Simplify your intranet by using PDFs – but DON’T make documents searchable

November 29, 2008

pdf1Reading the Document Imaging Blog about how Google are now indexing PDFs and using OCR to make them searchable made me think about PDFs in general and whether searchable PDFs and other document formats are a good thing for intranets or not. At the moment I guess that search in most intranets doesn’t index PDFs but there are search products out there that will allow you to search all documents in your intranet.

As you can probably guess from the title I come down on the side of not making PDFs and documents searchable within an intranet for the reasons I give below.

I am not against using PDFs, in fact I find them extremely useful. Bundling up content in discrete sets as PDF documents in intranets makes absolute sense in many cases.

The advantages are –

  • Simpler navigation by reducing the number of web pages required
  • In content management systems it allows some content to be free of the straitjacket of CMS uniformity. Content can be arranged differently and graphics used in a way that makes sense within the document itself and takes into account the type of content being displayed
  • If the document is large, good internal navigation will allow users to navigate as if they were still using HTML web pages and the back button will always return them to the landing page
  •  Links to other parts of the intranet and the internet can still be preserved within the PDF
  • PDFs look nice and crisp when viewed on screen
  • They can be protected using different levels of security
  • PDFs are searchable through the PDF reader 
  • They are a lot less work. If the content owner needs to change something in the document they simply change the Word version they hold and send it to the intranet team who check the changes, turn the Word document into a PDF and then remove the previous version and upload the latest version. This usually only take minutes whereas large changes to content on web pages can mean hours of work

However you must make sure that each document has its own landing page. This is to ensure that the context for each document can be made explicit and to allow for metadata to be attached that is relevant only to the document.

OK I’ve hopefully sold you on PDFs but what about not making them searchable? I have been told that searchable PDFs will be a very good thing for intranets but I just don’t get it.
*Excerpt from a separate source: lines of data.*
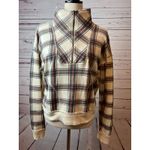 Free People Why Not Sweater size Small Plaid 1/2 Zip Sweatshirt Plaid Pockets Photo 2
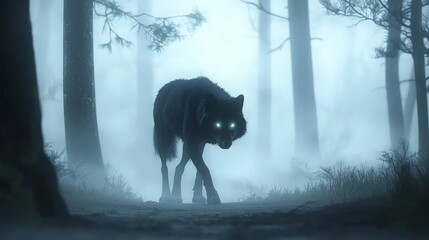 Naklejka premium A lone black wolf with glowing green eyes walks through a misty forest.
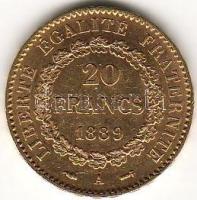Franciaország 1889. "Allegória" 20Fr arany 6,4516g T:2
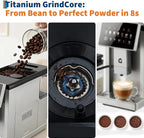 3rd-Gen Espresso Coffee Maker with Milk Frother, Removable Brewer and Grinder, Adjustable Coarseness and Flavor, 3-Level Coffee and Milk Volume Control, Detachable Milk Tank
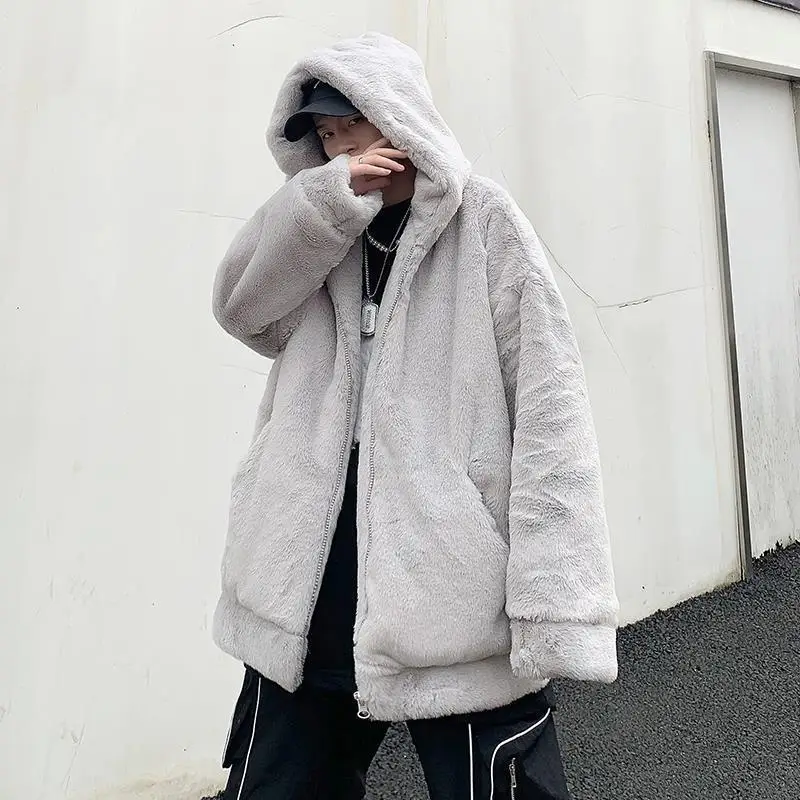 

Men's Winter Plush Coat Trendy Handsome Korean Version Loose Thickened Hood Imitation Rabbit Fur Grass Jacket 2024 A217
The poor users put their search terms in and, as all documents are searchable, they will get a mountain of results back. Then, when they click on a result, it will land them on a document containing the search term. This can be a problem as a lot of documents aren’t set up like the best web pages and if they are PDFs from external sources, e.g. legislation, H & S advice etc., you won’t be able to change them anyway. The problem is context.

In good web pages you should be able to land on any page and have an idea where you are and what the page is about. This is not true for a lot of documents. Users also need to know the status of a document e.g. is it mandatory or for guidance only? So is the answer to put more and more information in the document so the user knows where they are when they land on a document or a document page? I think there is a simpler answer than that. Make documents non-searchable and non-accessible except through their landing pages. If the user can only access the landing page for a document and, if the intranet team has done their work correctly, the page will be findable and, through the information on the page, the user will have the context they need. This way, when they open a document, they will know what they are letting themselves in for.
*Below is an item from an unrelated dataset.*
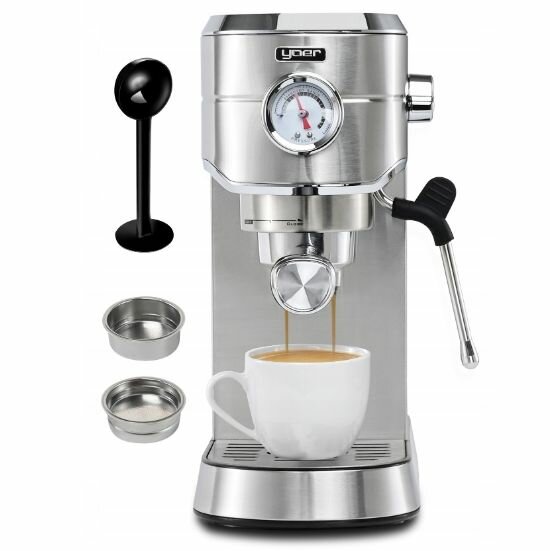 Кофемашина рожковая Yoer Lungo 1450 Вт, серебристый - фотография № 1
Context is the key and, as a by-product of not making your documents searchable, you should be able to keep down the number of search results and, if the intranet team have done their stuff on the metadata for document landing pages, the quality of search results should also improve as only web pages will be indexed.  
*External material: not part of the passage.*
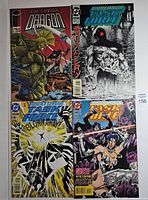Front covers of all four comic books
You can learn more about metadata from James Robertson’s article in the Step Two blog.

(Many thanks to EJeffson for his CC Flickr PDF icon)

6 Responses to “Simplify your intranet by using PDFs – but DON’T make documents searchable”

  1. aLee Says:

    this could’nt come at a better time..
    thanks for posting this dude

    cheers

  2. patrick c walsh Says:

    aLee
    Many thanks for the feedback

  3. Jeff Witt Says:

    Wow. All the vision-impaired people out there (who read image-only PDFs as “blank”) should thank you. Maybe you should give a talk about this at the next CHI conference.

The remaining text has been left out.